Comment 4 Thomas Huth 2016-08-30 07:24:02 UTC
This sounds like a duplicate of BZ 1271060 - please use "ulimit -n xxx" to increase the number of file descriptors. However, I wonder why x86 works differently here ... do we need more file descriptors on ppc than on x86 ?

Comment 5 Zhengtong 2016-08-30 08:44:30 UTC
hi Thomas, 

Do you have a suggest value on ulimit?

I have set fd number to be 81920 by "ulimit -n 81920", then I ran the guest boot cmd, the error msg still existed.

Comment 6 Thomas Huth 2016-08-30 09:31:17 UTC
81920 sounds plenty, so that sounds strange that it is still now working with this value.

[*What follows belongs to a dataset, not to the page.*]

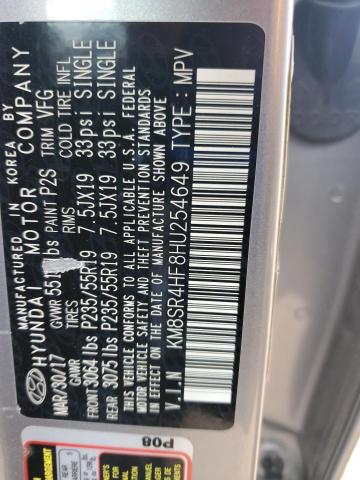 2017 HYUNDAI SANTA FE S - KM8SR4HF8HU254649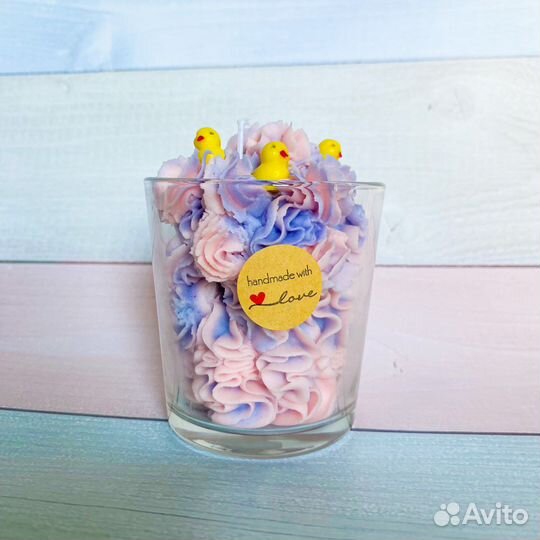 Ароматические свечи десерт ручной работы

When I got some spare minutes, I'll try to have a closer look why this is still not sufficient in this case...

Comment 7 Thomas Huth 2016-09-02 21:03:59 UTC
FWIW, I can reproduce the problem with the following "shortened" command line:

/usr/libexec/qemu-kvm -nographic -vga none -enable-kvm -object iothread,id=iothread1 `for ((x=1;x<160;x++)); do echo " -drive file=/scratch/disk$x.qcow2,if=none,id=drive_$x,format=qcow2,cache=none,aio=native -device virtio-scsi-pci,id=virt_$x,iothread=iothread1,multifunction=on,addr=\`printf "%X.%X" $(($x / 8)) $(($x % 8))\` -device scsi-hd,id=scsi_test_$x,drive=drive_$x,bus=virt_$x.0" ; done`

Comment 8 Thomas Huth 2016-09-02 21:30:01 UTC
Zhengtong, for me, the error messages go away when I use "ulimit -n 81920" ... did you by any chance ran the qemu-kvm program with a different user ID than the ulimit? If not, could you please attach your whole command line that you use to run qemu, in case I missed there something in my "shortened" version? Thanks!

Comment 9 Zhengtong 2016-09-05 03:09:42 UTC
Thomas, I always run the qemu-kvm program in "root" account. The full command is the comment #c0 of this bug . 

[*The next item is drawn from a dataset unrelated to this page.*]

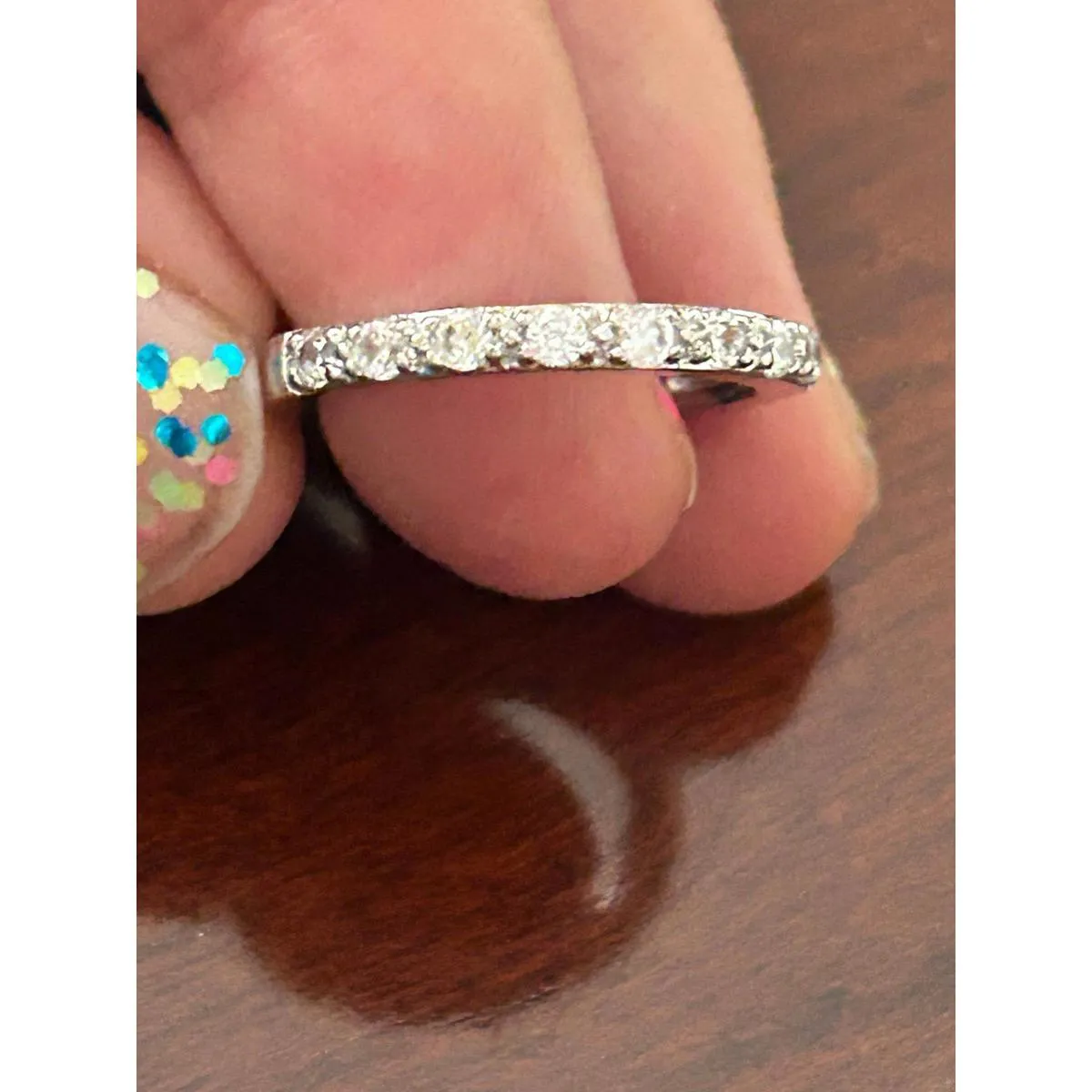 Ring 925 sterling silver size 5 - Image 3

I will do the test again to confirm the result, and will update the result here is the result is different with that in my previous test

Comment 10 Thomas Huth 2016-09-05 08:57:13 UTC
Ok, thanks for confirming that you're running everything as "root" (I though maybe you'd use libvirt here - and libvirt is running the qemu binary as a different user, but sounds like you're running qemu-kvm directly, without libvirt, right?).

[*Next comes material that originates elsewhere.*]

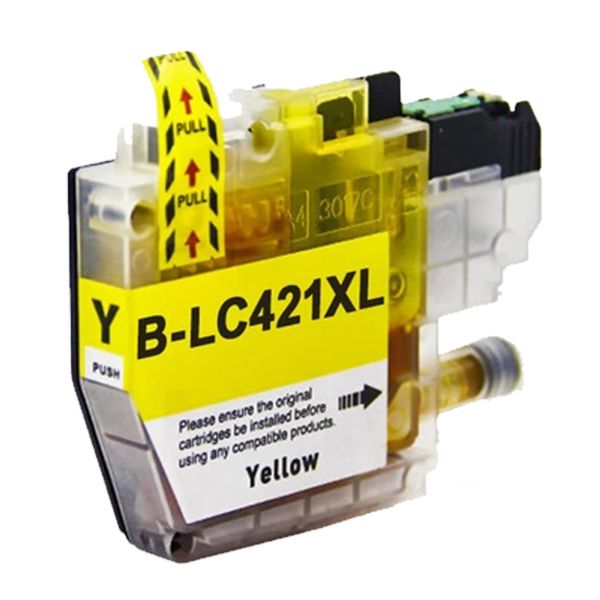 Druckerpatrone XL yellow mit Chip für Brother, Typ BK421XLY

Another thing to check: What's your global maximum amount of file handles? Could you please run the following command and post the result here:

 sysctl fs.file-max

If that value is very low, please try to increase it with

 sysctl -w fs.file-max=...

and run the test again.

Comment 11 Zhengtong 2016-09-06 02:42:10 UTC
Thomas, the host I used to reproduce the issue was released. I reserved another host yesterday. With this host. I can reproduce the issue with default ulimit value.  But It disappeared after I set "ulimit -n 81920". The issue never raised up any more after I tried for several times. so, may be there are some wrong configuration in previous test.  

Above all, I think you original analysis is correct. please change the bug status or give resolve method as your want, thanks.  

yes, I always boot up the guest with running the qemu-kvm program directly. without libvirt.

Comment 12 Thomas Huth 2016-09-06 06:52:02 UTC
OK, thanks for checking again! I assume that fs.file-max was likely set to a low value on your original host for some reason, and it was back to a proper value on the second host that you tried. It now sounds like this is the very same problem as in BZ 1271060, so I'm closing this one here as duplicate.

*** This bug has been marked as a duplicate of bug 1271060 ***